Is there any way in which the extravagant waste of the world's atmosphere can be checked?

Lord Kelvin's conclusions were stated in a lecture recently delivered before the British association for the promotion of science. He has made a study of the subject for many years. He is now past middle age, and ranks as the foremost living physicist.

The following is a summary of the important points of Kelvin's theory:

'The extravagant waste of oxygen by modern manufacturing processes may leave the inhabitants of the earth without air for breathing, and that within a short and calculable time. At the present rate of progress five centuries will exhaust the full supply of the world. This means the exhaustion of oxygen.

'The sum total of oxygen at our disposal is 1,020 millions of tons. Every ton of fuel used three tons of oxygen in combustion. Consequently the burning of 340,000,000 of tons of combustibles will destroy the world's air for breathing. The population of the earth is 1,500,000,000 persons. Each has to his credit 200,000 tons of combustibles. Burn this and we die, not from lack of fuel for keeping warm, but from lack of oxygen for breath. Considering the rate at which manufacturing and commerce are depleting the coal supply, less than 500 years may see the end of the human race.'

Science has rarely offered so strange and so terrible a picture of the end of the world as Lord Kelvin's theory suggests. From various scientific authorities in New York (Hallock, Woodward, Hovey, Van Ingen, Burgess and others) interesting speculation as to the gradual approach of the final catastrophe has been gathered.

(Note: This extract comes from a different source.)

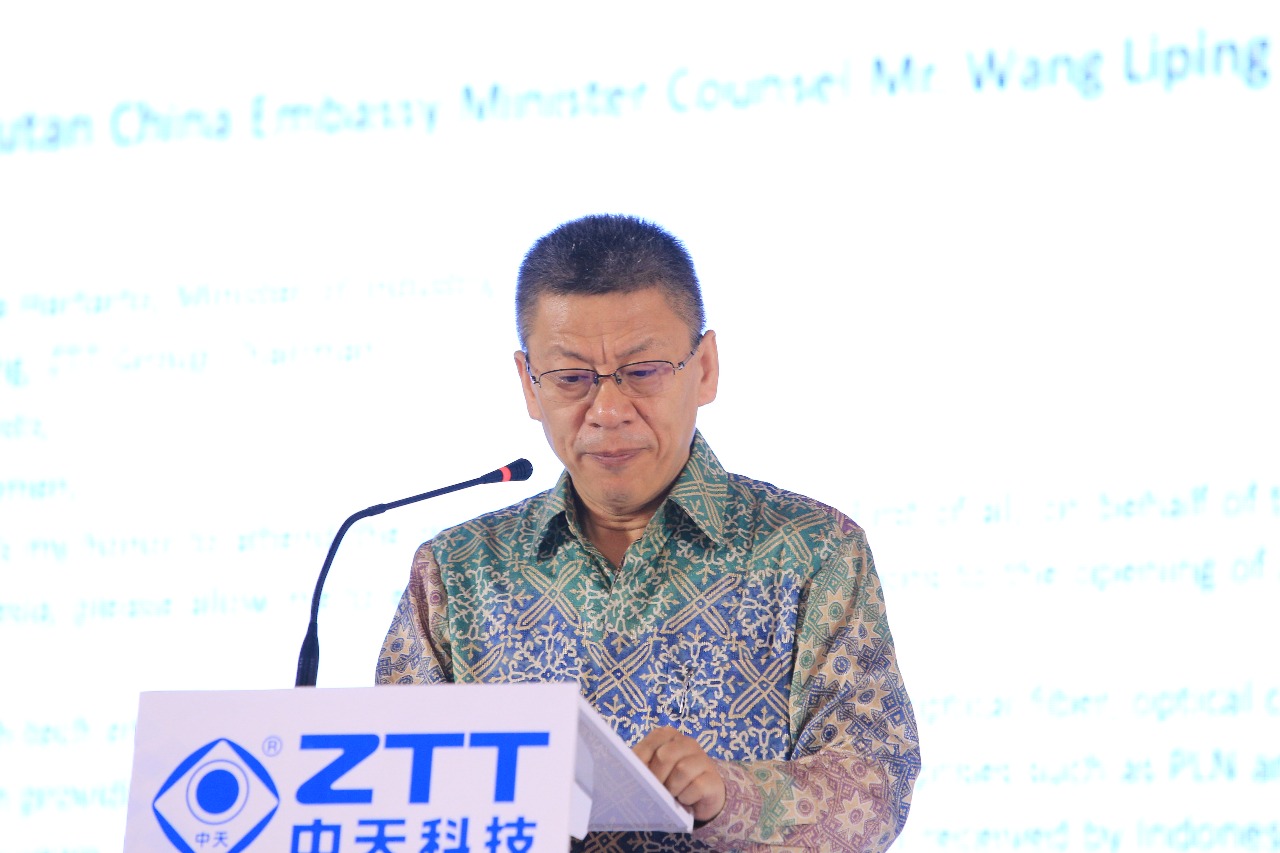 ΰ�¹���(victor1946)�ٷ���վ-Officials Website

With the decrease of oxygen in the air the heat of summer would become intense. This would not be the pitiless, parching heat of the desert. Moisture would hang heavy in the air. Steam would rise from the ground and the sun would be veiled in clouds of vapor.

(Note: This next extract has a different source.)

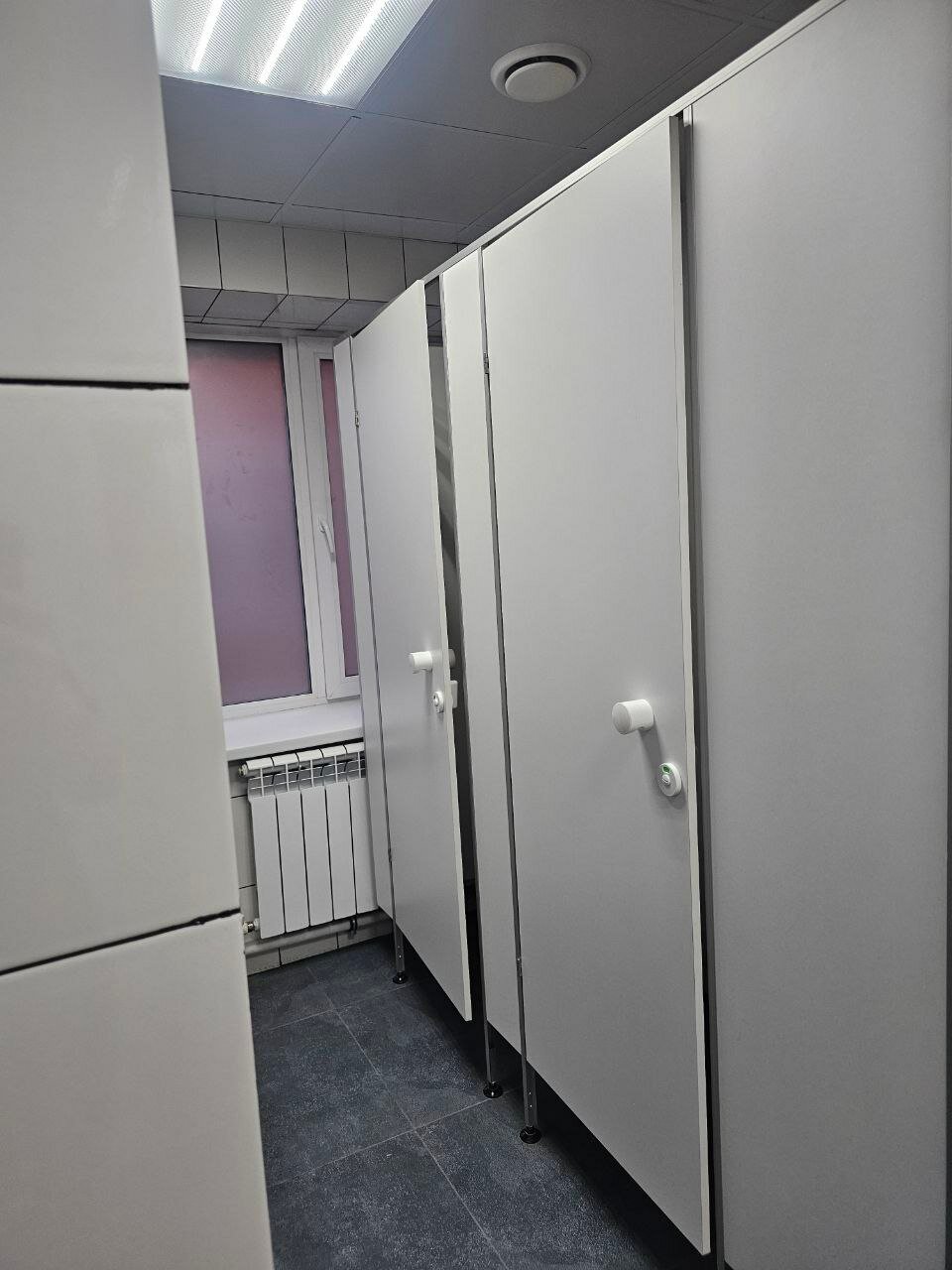 Фото Хостел на Ахтубинской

Plants would spring up and flower in a day and trees grow almost in a night. With time for adjustment, the very luxuriance of vegetation would clear the air again and furnish breath to famished life.

But with the swift rush of Kelvin's calculations the mischief will have been accomplished in three centuries. Alarm will spread too late. As oxygen becomes precious the entire human race will strive madly for some means of increasing it. Every man will conserve his strength, because muscular effort requires the expenditures of much oxygen. Factories will not smoke any longer.

Huge electric plants will distill the seas into air. The banks of the ocean will be crowded with the humanity that comes to it to turn it by alchemy from water to breath. Every year the waters will recede under the drain of electrolyting process.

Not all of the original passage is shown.